The elevator shaft smelt of almond oil. At the bottom was a virgin parchment inscribed with the words GOMERT and KAILOETH and the sigil of the demon Khil, who has control over some of the spirits of the air (he can also cause earthquakes, and so is a useful spirit to know in Angels City). The almond oil is part of the paste that summons him, the other ingredients being olive oil, dust from close by a coffin, and the brain of a dunghill cock. “Seventh floor,” I said, and was lifted up.
As soon as I got into the office, I called Charlie Kelly. He listened while I told him what I’d found, then said, “Nice piece of work, Dave. That confirms and amplifies the information I’d already received. Go to work on that warrant right away.”
“I will,” I promised. “I know just the judge: I’ll take the information over to qadi Ruhollah. He’s about the strictest man in A.C. when it comes to environmental damage.” I chuckled. “For that matter, he’s a rigorist on just about everything—Maximum Ruhollah, we call him out here.”

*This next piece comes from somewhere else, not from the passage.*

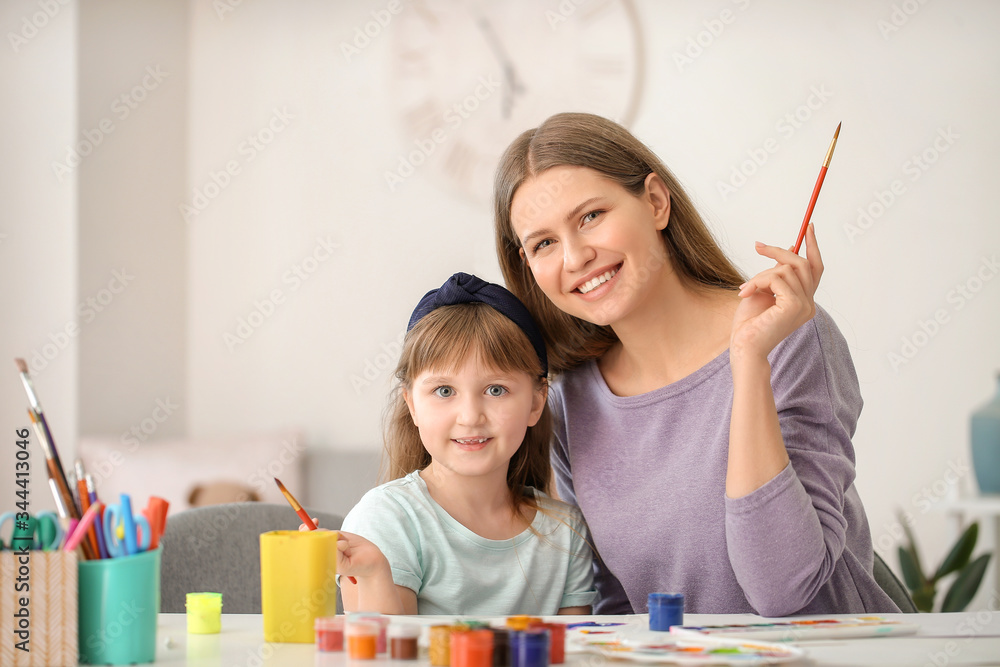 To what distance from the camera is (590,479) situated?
1.37 metres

“Sounds like the fellow we need, all right,” Kelly said. “Anything else?”
I started to say no, but had to think better of it. “There is one other thing, as a matter of fact. Sudakis—the dump manager—wondered how you’d heard something new might be wrong at his place when no one out here had a clue. I couldn’t give him an answer, but it made me curious, too.”

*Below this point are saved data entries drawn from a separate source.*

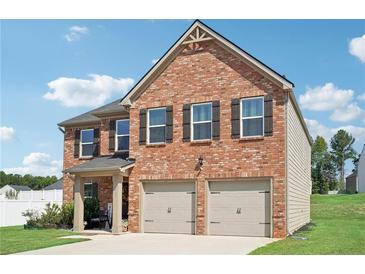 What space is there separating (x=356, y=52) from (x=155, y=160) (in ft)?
34.8

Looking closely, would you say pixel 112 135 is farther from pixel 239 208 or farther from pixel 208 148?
pixel 239 208

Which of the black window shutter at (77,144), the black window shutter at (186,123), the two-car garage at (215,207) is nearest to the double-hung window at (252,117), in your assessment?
the two-car garage at (215,207)

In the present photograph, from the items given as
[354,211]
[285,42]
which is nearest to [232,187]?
[285,42]

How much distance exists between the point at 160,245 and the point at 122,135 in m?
9.24

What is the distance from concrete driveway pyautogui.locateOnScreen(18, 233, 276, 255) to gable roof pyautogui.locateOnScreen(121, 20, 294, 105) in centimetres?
612

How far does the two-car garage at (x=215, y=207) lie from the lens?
692 inches

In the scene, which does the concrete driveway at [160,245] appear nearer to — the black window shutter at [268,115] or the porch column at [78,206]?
the porch column at [78,206]

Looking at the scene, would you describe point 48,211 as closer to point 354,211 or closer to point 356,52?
point 356,52

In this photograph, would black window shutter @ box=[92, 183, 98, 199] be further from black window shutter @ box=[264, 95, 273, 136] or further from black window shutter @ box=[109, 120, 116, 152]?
black window shutter @ box=[264, 95, 273, 136]

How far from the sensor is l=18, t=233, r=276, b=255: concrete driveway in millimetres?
13133

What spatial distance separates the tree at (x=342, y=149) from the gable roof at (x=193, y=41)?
242ft

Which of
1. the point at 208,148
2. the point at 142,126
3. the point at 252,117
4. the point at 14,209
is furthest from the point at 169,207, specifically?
the point at 14,209

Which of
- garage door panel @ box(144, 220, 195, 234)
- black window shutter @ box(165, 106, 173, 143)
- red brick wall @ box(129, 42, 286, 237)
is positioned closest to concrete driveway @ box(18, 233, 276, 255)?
garage door panel @ box(144, 220, 195, 234)

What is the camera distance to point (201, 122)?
1895 centimetres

As it had once or twice when he’d called me at home, the silence stretched longer than imp relay could account for by itself. Finally Charlie said, “A bird told me, you might say.”
“A little bird, right?” I started to laugh. “Charlie, I stopped believing in that little bird about the same time I found out the stork only brings changelings.”
“However you want it,” he said. “That’s all I can tell you, and more than I ought to.”
I thought about pushing some more, but decided not to. People back in D.C. are supposed to have good sources; they justify the fancy salaries that come out of your purse and mine by knowing what’s going on all over the country and how to find out about it even if the people who are doing it don’t want it found out. But I was still moderately graveled that somebody a continent away had picked up on something I hadn’t heard the first thing about right in my own back yard.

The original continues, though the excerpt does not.